Yes, the c++ is a dll. In fact it is now a .pyd since I am using SWIG. I can pass the void* (image data is unsigned char in memory) to python. But I cannot seem to find a library to construct the data from memory (in terms of void* address) to create an image (given that from python, I know the rows and column of the image). I am still exploring how to do it using numpy/opencv/PILLOW.
Do you know how to do it without swig?
This code sets up a new Mat from a void* pointer (called ptr):
Does that help?
Thanks, but Mat is not available in cv2, right? I think I need a function in python (openCV or numpy or which ever image processing library that can create the image back from the block of memory (void * from c++).
I'm not sure what OpenCV 2.x's capabilities are. Sorry about that.
... so you're looking to pass the image data from C++ to Python, right?
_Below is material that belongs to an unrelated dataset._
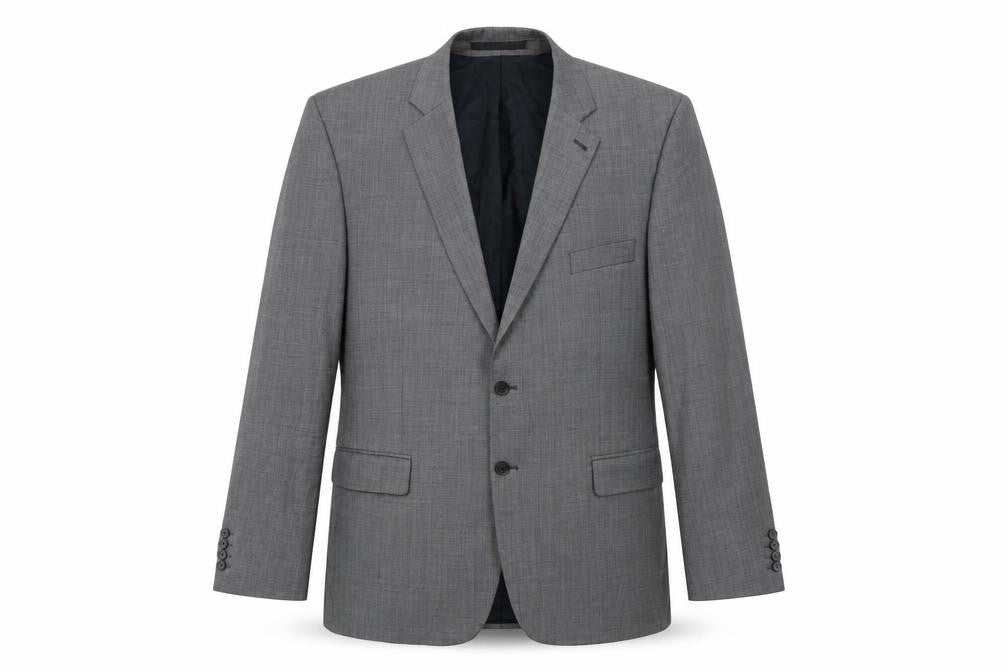 Mens UK Size 46 Jeff Banks Regular Grey Suit Jacket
Thanks. Yes, both ways from C++ to python (get image from c++ app, use the image in python to do some image processing and let the C++ app pick up the latest image data) and then from python back to C++.
So, if we use the Mat mechanism, how do we expose it to python to pick it up to do processing?
That's a good question, and I'm going to look into it. Do you have any source code that I can work from? I use GitHub for sharing code.
I am using python 3.6 for 64 bit. I haven't tried to build c++ dll with OpenCV yet. Actually, right now, my cpp code does not use opencv yet. I am still finding way to expose the data to python. Looks like there is a python buffer protocol that I can make use of... I still need to explore it... have you use it?
So far, I am using opencv on the python side to try to pick up the data from memory address... no luck so far...
sorry, my source code is linking all over the places...too much dependencies that will require a lot of time to set up... thanks though!
Do you have a working example of a void** parameter function?